Okul, sevgi ve mutluluk
Her yıl okullar açılırken aynı soru aklıma geliyor. Acaba öğrenciler okulda sevgi ve mutluluk bulacaklar mı?
Acaba öğrenciler okulda insanları sevmekten söz edecekler mi? Okulda hayvanların insanlarla kardeş olduğu konuşulacak mı? İnsanın doğanın efendisi değil, ancak bir parçası olabileceği tartışılacak mı?
Yoksa üstün din, üstün sınıf, üstün tür, üstün dil ve hatta üstün insan ideolojileri mi öğrenecekler? Yazılı müfredat olsun, yazılı olmayan -yani gizli- müfredat olsun, yine öğrencilere o berbat “ahlaklı insan” aldatmacaları mı sunacak; yoksa okul sevgi ve mutluluk yaratılacak bir ortam mı olacak?
Okullar, insanı insana düşman kılan üstünlük palavraları ile yankılanacak mı? Örneğin, milliyetçiliğin nice zamandır ürettiği cinsten palavralarla? Başka insanları “Rum tohumu” olarak, “Ermeni dölü” olarak, bir düşman olarak gösteren, bir halkı başka halklardan üstün ve kutsal olarak gösteren palavralarla? Başka halkların dillerini, kültürlerini yok saymaya, hatta yok etmeye bir erdemmiş gibi bakan bir ideolojiyle?
Ya da militarizmin palavraları ile? Orduyu, askerliği, savaşı, ölmeyi ve öldürmeyi yücelten yalanlarla? Toprağa “şehit” ekip “şehit” biçmeyi yücelten bir ideolojiyle?
“Tek millet”, “tek dil” anlayışı kadar, hatta onlardan çok daha tehlikeli bir de “tek ve üstün din” anlayışı var. Başka dinden olanı “gavur”, yani “dinsiz” sayan; insanın dininin onu “üstün” veya “aşağı” kıldığına inanmayı gerektiren bir anlayış bu. Bir zamanlar Bob Marley’in dediği gibi, gökte olduğunu düşündükleri bir tanrı için insana sırt çevirmeye dayalı bir anlayış. Her olanakta dogmayı yücelten, aklı küçülten bir anlayış...

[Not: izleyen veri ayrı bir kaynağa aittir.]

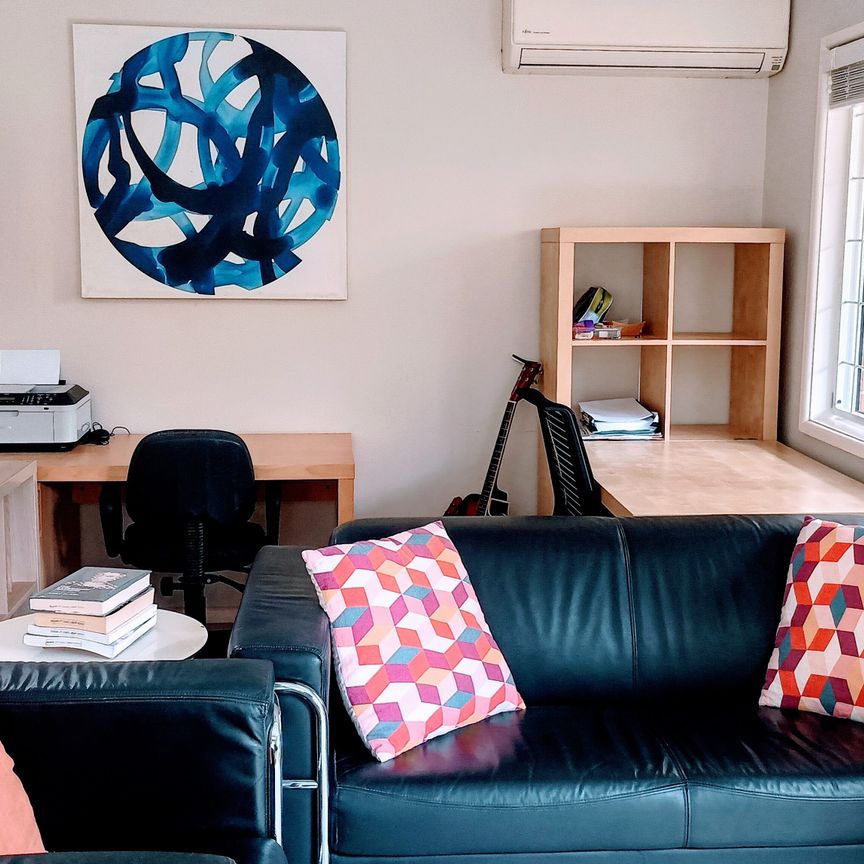 Yeerongpilly - Photo 1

Acaba öğrenciler okullarda “üstün din” anlayışından uzakta kalabilecekler mi? Bu anlayış öyle bir anlayış ki, eşitlikten söz etmeye ama her olanakta aynı dinden olanların arasında bile eşitsizlik yaratmaya yarıyor. Erkeğin kadından üstün olduğunu söylüyor. Büyüğün küçükten üstün olduğunu söylüyor. Evlenmek istemeyeni, evlenmeden birlikte olmak isteyenleri yok sayıyor. Eşcinsel veya başka cinsel yönelimleri olanları yok saymaktan öte, yok etmeye izin veriyor.
Her yıl Ege’de midye kabuğu toplarken bunları düşünüyorum. Midyelerin milliyetçilik, militarizm, dincilik gibi dertleri yok. Midyeler birbirlerine, “üstünsün, yok değilsin” yapmıyorlar. “Sen Türk midyesi misin, Yunan midyesi misin?” gibi saçma sorularla uğraşmıyorlar. Midyeler denizin içinde kardeş kardeş yaşıyorlar.

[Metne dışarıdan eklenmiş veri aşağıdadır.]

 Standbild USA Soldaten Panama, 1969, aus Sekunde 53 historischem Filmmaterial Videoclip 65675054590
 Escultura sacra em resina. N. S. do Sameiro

Her yıl okullar açılırken aklıma midyeler geliyor. Midyeler kardeş, insanlar da kardeş. Demek ki, okullarda biraz olsun midyelerin yaşamı ele alınmalı. Okullar sevgiyi ve kardeşliği, adaleti ve mutluluğu öğrenme ortamı olduğu gün, inanın dünya çok daha güzel bir yer olacak.